L’Académie l’a élu notamment pour "avoir fait reconnaître la chapellerie comme un art à part entière". Premier représentant d’une nouvelle discipline dans la Classe des Arts - le stylisme - le designer ouvre donc la voie à la reconnaissance de la mode parmi les arts académiques. Lui qui, passionnément, a toujours travaillé à décaler l’attendu et à doubler de second degré ses collections extravagantes, élégantes. 

Le chapeau comme vocation 

"À la fin des années 70, quand les créateurs ont commencé à être à la mode, d’abord Gaultier et Alaïa, puis les Belges, les chapeaux étaient encore peu représentés. Très jeune, je me nourrissais de l'influence des stylistes français et italiens, Armani en particulier, et des nouveaux couturiers qui émergeaient. Le week-end, je travaillais comme vendeur dans un magasin de fripes à Liège, quand c'était encore à l'avant-garde. J'avais 16 ans, je ne me lassais pas d'admirer les robes perlées peintes à la main et j’ai commencé à créer des chapeaux pour compléter les étalages en vitrines." Bien avant cela, lorsqu’il était enfant, Elvis, prénommé en hommage au crooner et qui a fait honneur à son nom en bougeant des lignes à sa façon, fabriquait des couvre-chefs pour les déguisements de ses cousins. "Robin des Bois ou Maharadjah, tout m'inspirait. Cette fascination pour les chapeaux qui identifient un personnage est restée. On peut habiller quelqu'un en noir, puis selon qu’on lui fasse porter un sombrero mexicain, une calotte de prêtre ou un stetson, toute la silhouette change, on oriente à la fois l'intention et le contexte."

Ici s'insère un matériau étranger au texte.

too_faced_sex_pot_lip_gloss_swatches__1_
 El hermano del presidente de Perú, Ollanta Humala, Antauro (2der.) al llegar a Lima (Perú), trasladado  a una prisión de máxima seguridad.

Le talent à la tête du client

Dans son nouvel atelier – show-room – boutique situé dans un quartier où fourmillent les galeries d’art à Bruxelles, Elvis expose lui aussi avec vitrine sur rue. Il souligne que "pour concevoir un chapeau, on part d'une structure en bois sculpté, puis la matière choisie est moulée. C’est la rencontre des savoir-faire, un art en 3D qui renvoie à la forme et à la physionomie, un artisanat délicat de sculpture et de visagisme." Celui qui a coiffé Madonna, Axelle Red, Sharon Stone, réalisé les chapeaux iconiques d'Amélie Nothomb, qui a créé pour Guillaume Gallienne et Valérie Lemercier, tandis qu’Arno comptait sur lui pour que le ciel ne lui tombe pas (directement) sur la tête, se réjouit de rejoindre une organisation qui célèbre la culture. "Il y a tant de variété parmi les académiciens qu'on apprend toujours quelque chose. Cette distinction est très gratifiante, parce que lorsqu'on exerce un métier de passion, avec ses défauts et ses qualités, le travail passe toujours d'abord. Cette nomination récompense une œuvre sur la durée, l'ensemble d’une carrière, et si ça me touche beaucoup, c’est important aussi pour les gens qui m'ont toujours soutenu. Je les sens presque plus émus que moi. Cette vie de modiste m'a demandé beaucoup de concessions, j’y ai consacré beaucoup de moments personnels." Aujourd’hui mentor et conférencier, le jeune garçon aux doigts d’or qui travaillait "pour aider à la maison", désormais académicien, continue de faire sortir la magie de son chapeau.